= WORK INSTRUCTION =
All lines in the records below from the line with "How to EASILY" through the line with "Fighting Layer是什么意思" are to be given again exactly, both ends included; the pictures are to be left out.

= SUPPLIED MATERIAL =
-- Opening Marker --

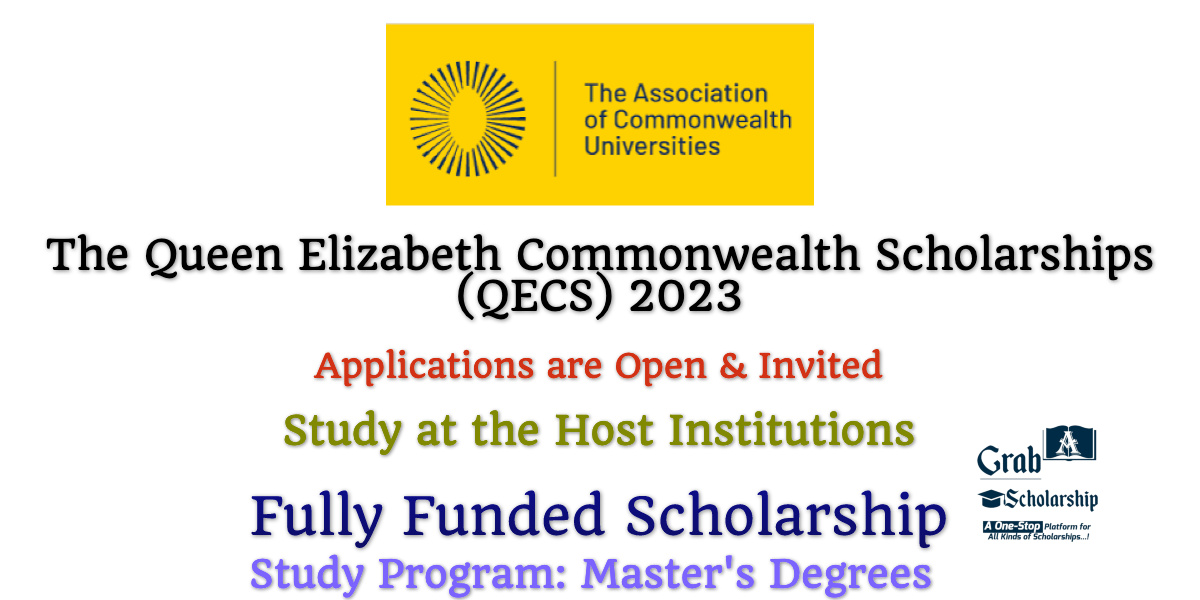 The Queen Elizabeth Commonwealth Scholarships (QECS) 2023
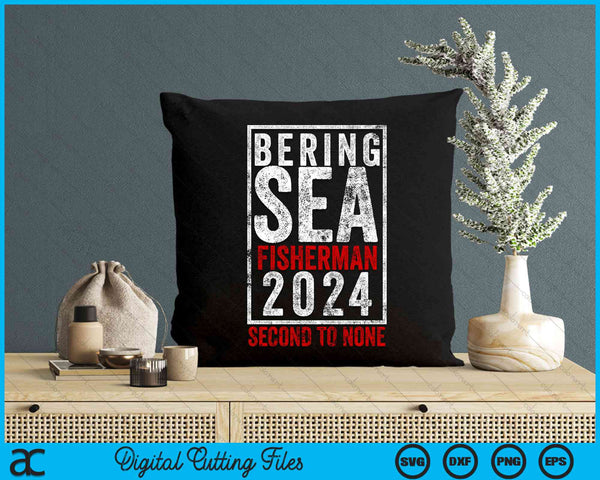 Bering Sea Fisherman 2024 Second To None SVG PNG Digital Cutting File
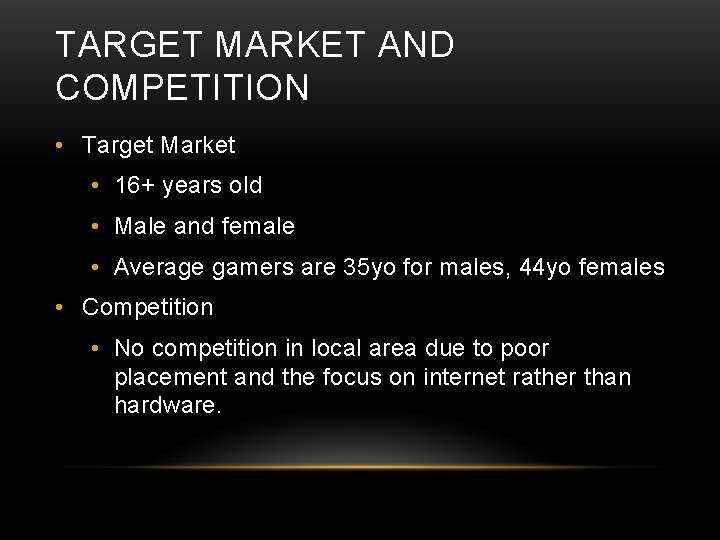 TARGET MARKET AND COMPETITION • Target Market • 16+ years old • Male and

-- Closing Marker --
-- Opening Marker --

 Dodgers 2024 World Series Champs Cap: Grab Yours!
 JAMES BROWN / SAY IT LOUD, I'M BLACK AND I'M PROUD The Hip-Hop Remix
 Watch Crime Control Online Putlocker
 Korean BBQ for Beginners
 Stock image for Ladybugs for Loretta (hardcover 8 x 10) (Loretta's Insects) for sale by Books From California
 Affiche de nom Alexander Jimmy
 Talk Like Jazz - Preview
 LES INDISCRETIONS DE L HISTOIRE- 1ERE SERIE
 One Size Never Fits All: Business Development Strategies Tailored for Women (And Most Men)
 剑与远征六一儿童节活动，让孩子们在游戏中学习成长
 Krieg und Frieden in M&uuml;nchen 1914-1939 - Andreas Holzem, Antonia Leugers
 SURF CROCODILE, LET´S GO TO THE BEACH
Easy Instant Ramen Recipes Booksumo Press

-- Closing Marker --
-- Opening Marker --

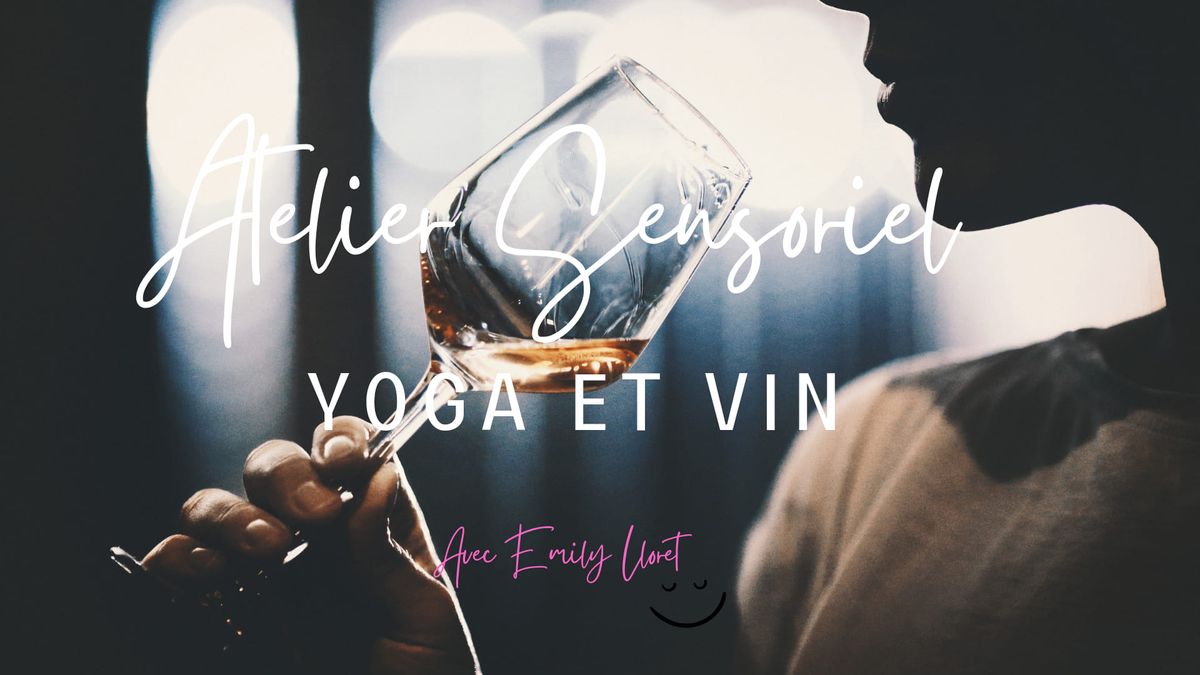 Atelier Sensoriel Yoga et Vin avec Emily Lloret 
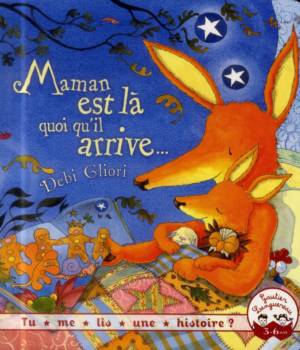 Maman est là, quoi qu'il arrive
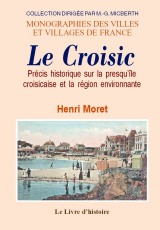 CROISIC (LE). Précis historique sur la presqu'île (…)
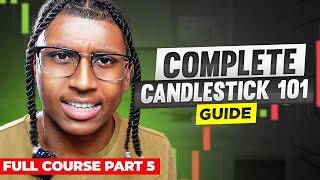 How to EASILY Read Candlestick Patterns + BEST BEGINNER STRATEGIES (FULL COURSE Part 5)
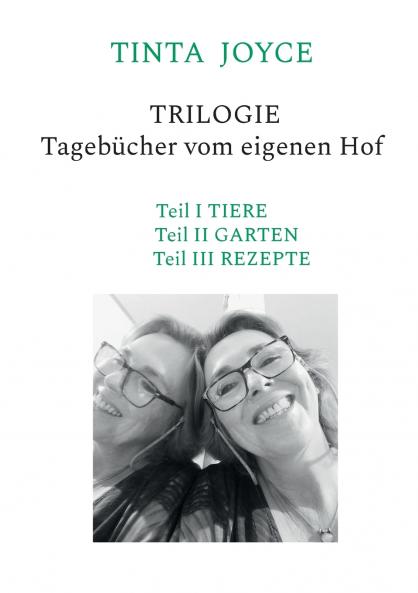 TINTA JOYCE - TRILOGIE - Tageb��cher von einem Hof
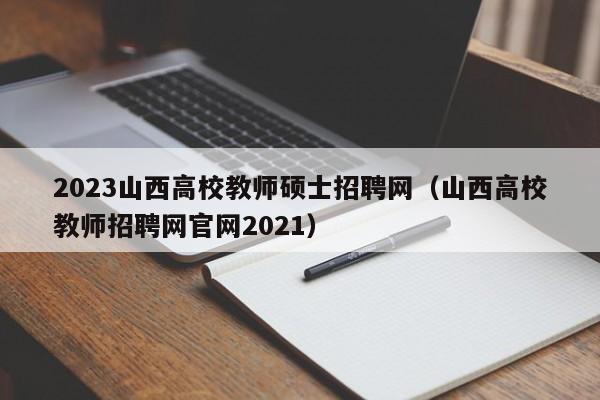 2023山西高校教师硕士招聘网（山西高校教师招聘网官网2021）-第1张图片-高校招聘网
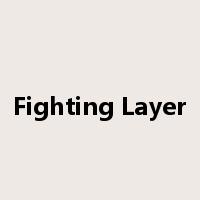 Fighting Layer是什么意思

-- Closing Marker --

= REPLY =
 How to EASILY Read Candlestick Patterns + BEST BEGINNER STRATEGIES (FULL COURSE Part 5)
 TINTA JOYCE - TRILOGIE - Tageb��cher von einem Hof
 2023山西高校教师硕士招聘网（山西高校教师招聘网官网2021）-第1张图片-高校招聘网
 Fighting Layer是什么意思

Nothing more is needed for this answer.